Note that, with both options, it is impossible to completely rule out losing stdout output when a subprocess is killed. This is because subprocesses manage their own stdout buffering and the contents of the buffer typically get lost when a subprocess dies. Although this effect can be avoided for Python commands by adding -u after the sys.executable to prevent buffering (see the commands at the bottom of example_queueing_with_output_management.py), the same is not true of all other commands at the OS level. However, this is not necessarily a big problem because the console output from the command that actually failed and led to the other commands being killed — and this is the command that the user will usually want to investigate — will never get lost.

With the second option it would also be possible for worker processes to send the main process stdout outputs in chunks. While these could be displayed in a controlled way that would ensure we didn't get output from multiple processes on the same line, each chunk from a given process would still be unlikely to form a logical section of output. This would be likely to make the log as a whole hard to read; the console output would also differ in its structure and its readability between consecutive executions of the same workflow. On balance, then, it is probably better to store up all the stdout output for a given subprocess and only display it when the subprocess completes or is killed, even though this means the output is not visible in real time.

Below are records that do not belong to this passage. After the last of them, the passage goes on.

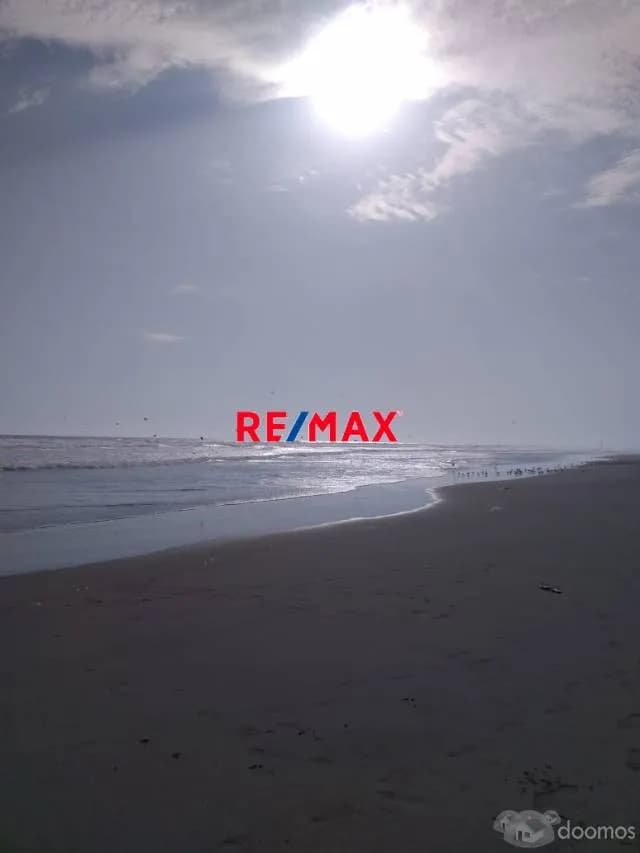 SE VENDE TERRENO FRENTE AL MAR — foto 2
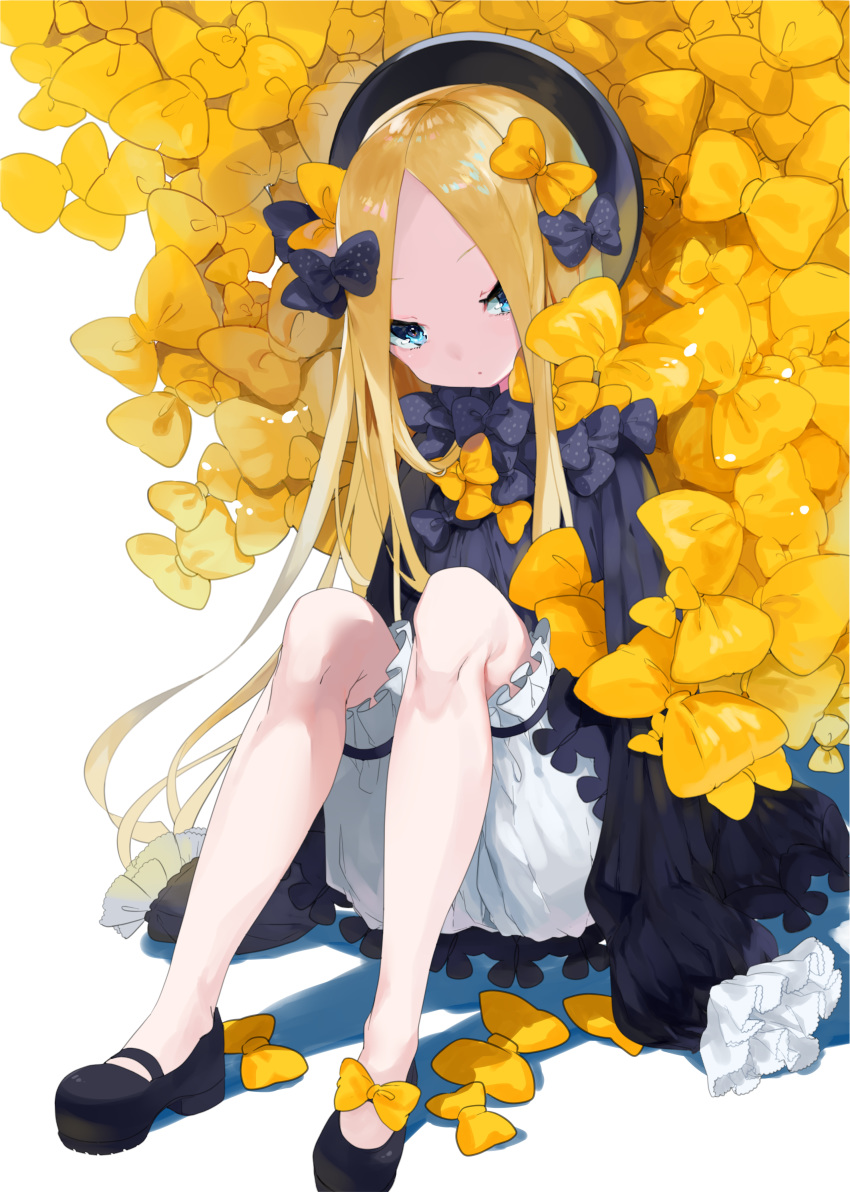 aano_(10bit) abigail_williams_(fate/grand_order) absurdres black_dress black_hat blonde_hair bloomers blue_eyes bow dress fate/grand_order fate_(series) hat highres knees_up long_hair looking_at_viewer mary_janes orange_bow polka_dot polka_dot_bow shadow shoes sitting sleeves_past_fingers sleeves_past_wrists solo straight_hair underwear very_long_hair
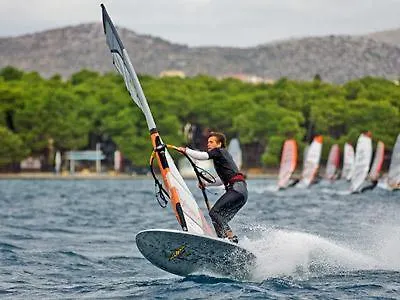 Tony - 2bdr Beachfront Appartement *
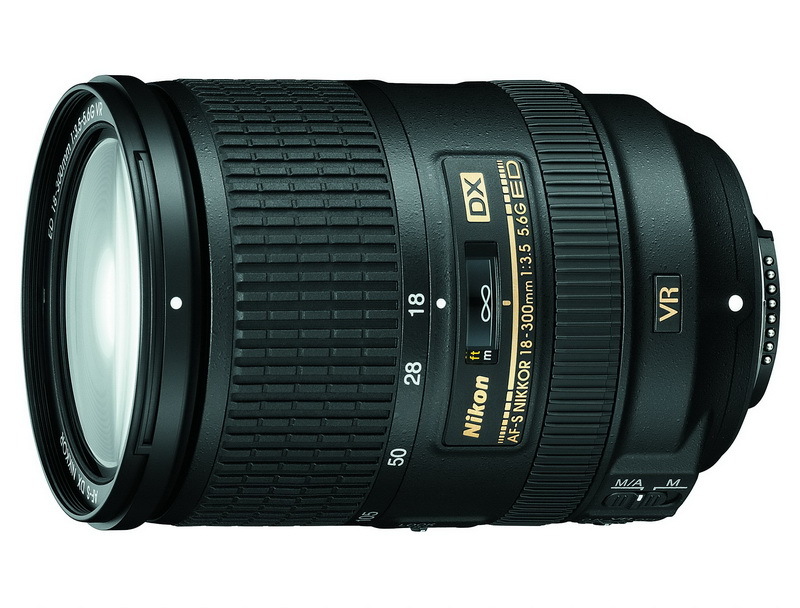 Nikon a lansat în România obiectivele 18-300mm şi 24-85mm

4.4 Executing serial commands

For consistency's sake, it could be argued that commands executed in the normal, existing serial fashion should also use the new mechanism and that every serial command should be executed as a 1-member parallel group. On balance, though, starting an extra worker process every time a serial command is executed seems like overkill. This change is also much less risky if it only relates to parallel execution in new project files rather than to all commands in old and new project files. It therefore makes sense to leave serial execution as it is.